Seismic Vulnerability of the Highway System

Task B1-3: Fragility Curves for Seismically Retrofitted Bridges and Effect of Retrofit on Transportation Network Performance

Subject Area: Loss Estimation Methodologies 
Research Year 2

Principal Investigator(s) and Institution(s)

M. Shinozuka, University of Southern California


The purpose of this study is to develop fragility curves of Caltrans' bridges strengthened for seismic retrofit following the 1994 Northridge earthquake by means of steel and fiber reinforced composite (FRC) jacketing of bridge columns. Fragility curves in this study are represented by lognormal distribution functions with two parameters (fragility parameters consisting of median and log-standard deviation). The fragility curves for the retrofitted bridges will be obtained making use of the correlational relationship to be developed between the fragility parameters and the hysteretic parameters of bridge columns. A pair of these parameter sets will be developed from the fragility curves empirically derived for the Caltrans' bridges (without retrofit) from the Northridge earthquake damage data and hysteretic parameters, typically represented by hysteretic envelopes, computed for the same bridges. This relationship is assumed to be valid for the retrofitted bridges, for the purpose of developing their fragility curves from the corresponding hysteretic parameters. The fragility curves thus developed will be used to estimate the effect of the bridge retrofit on the seismic performance of Caltrans' transportation networks.

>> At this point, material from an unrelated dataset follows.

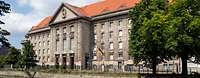 Außenaufnahme des offiziellen Einganges des Bundesministeriums der Verteidigung in Berlin.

The Northridge earthquake inflicted various levels of damage upon a large number of Caltrans' bridges not retrofitted by column jacketing. Empirical fragility curves of these bridges were derived previously by this investigator in the form of two-parameter lognormal distribution and will be utilized in the analysis to be performed for the purpose of this study.

Three principal assumptions, all practical and reasonable, will be introduced for the tractability of this study as delineated below. First of all, it is assumed that hysteretic parameters of bridge columns, such as hysteretic envelopes which can be evaluated typically by means of the Colx computer code, will control the seismic capacity for bridges. A straightforward extension of this assumption leads to the second assumption that the fragility parameters can also be correlated to the hysteretic parameters. More specifically, this correlational dependence will be established in such a way that the median and log standard deviation of each fragility curve representing a damage state for a population of bridges are given as functions of hysteretic parameters. This correlational dependence will be developed by observing the relationship between the fragility curves empirically derived for Caltrans' bridges from the Northridge earthquake data and the hysteretic parameters computed for their columns not retrofitted. The third assumption contends that the same correlation is valid for the relationship between the fragility curves for the Caltrans' bridges retrofitted by jacketing and the hysteretic parameters of the jacketed columns. The latter will be computed in the same way as for the columns not retrofitted and provide the fragility curves for the retrofitted bridges through the postulated correlation. These fragility curves will be utilized in the transportation network analysis to evaluate the effect of the bridge column retrofit in terms of the enhancement of the network performance. The network performance will be measured in the form of reduction either in the drivers' delay or in the related economic loss, as also studied previously by this investigator.


Technical report and progress reports.

Technical Challenges

To deal with the uncertainty involved in correlational relationship between fragility and hysteretic parameters.